The Luna Rossa, built by family-run Persico Marine with the backing of Italian high-end powerhouses Prada and Pirelli, gained admiration by winning two regattas leading up to the America’s Cup main event in Auckland, New Zealand. The Italian team has mounted a strong challenge in the first nine races against New Zealand.

The AC75 sail boats that made their debut in the 36th America’s Cup are a fantastical sight: 75-foot single-hulled monsters that hover over the water, guided by a pair of canting foils that resemble a water insect’s legs, like no other sailboat in the history of the 170-year-old race.

“By now we are talking about aeronautics,’’ said Marcello Persico, president of Persico Marine. “We speak of wings under the foil, that are what actually makes the boat fly. Near the rudder there is the elevator which, like the tail on an airplane, allows it to come out of the water, so ‘take-off.’”

The 11-sailor team crouches in two pits, scurrying back and forth as the boat maneuvers over the surface. The helmsman controls not only the wheel, but also a crank, which in one direction pulls the tail down, and in the other pushes the nose up for take-off.

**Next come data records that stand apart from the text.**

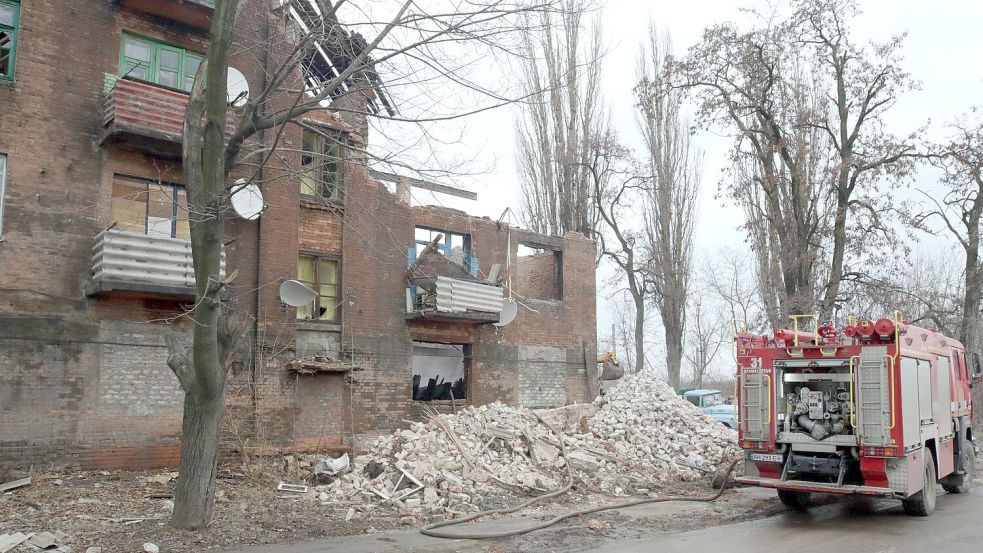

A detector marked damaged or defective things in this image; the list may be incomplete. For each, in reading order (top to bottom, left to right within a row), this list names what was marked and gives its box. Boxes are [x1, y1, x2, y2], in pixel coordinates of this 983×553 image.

broken window [0, 0, 18, 81]
broken window [118, 32, 202, 91]
broken window [300, 128, 346, 202]
broken window [110, 175, 191, 239]
damaged brick building [0, 0, 600, 468]
broken window [298, 253, 340, 322]
broken window [416, 224, 472, 268]
broken window [516, 244, 560, 300]
broken window [410, 342, 468, 398]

All four teams competing this year followed the same specs, and Persico, besides building two versions of the Luna Rossa for Prada and Pirelli, made the twin foils for all the teams. Competitive differences came down to weight, and design decisions about the wings that jut from the bottom of the foils.

To make the Prada-Pirelli team’s two Luna Rossa boats as light as possible, Persico made adjustments on the 6.5-ton vessel down to the gram.

The construction process combines high-tech robotics with artisanal handcrafting. Machinery is used to cut the carbon fiber, which is laminated either by hand or by robot, before being applied over a honey-comb shaped material that becomes the structure. Hand assembly is a key passage, involving also precision filing.

After completion of the Luna Rossa I and II, Persico is now working on smaller three-sailor single-hull foil sailboats, the Club Swan 80, that could be the future of hobby sailing and smaller regattas.

Prada CEO Patrizio Bertelli has been chasing the America’s Cup for the better part of two decades, first collaborating with Persico for construction of boats for the 2007 America’s Cup in Valencia, Spain.

Pirelli’s collaboration this round was also technical, developing an elastomer, or synthetic polymer with the properties of elastic rubber, to cover the wings of the foils, and the rudder.

“The objective is to develop a material that is part of the boat that remain in touch with the water. A bit like what happens in Formula One with the tires, they touch the ground basically,’’ Pirelli CEO Marco Tronchetti Provera told The Associated Press. “Everything on this boat is a science.”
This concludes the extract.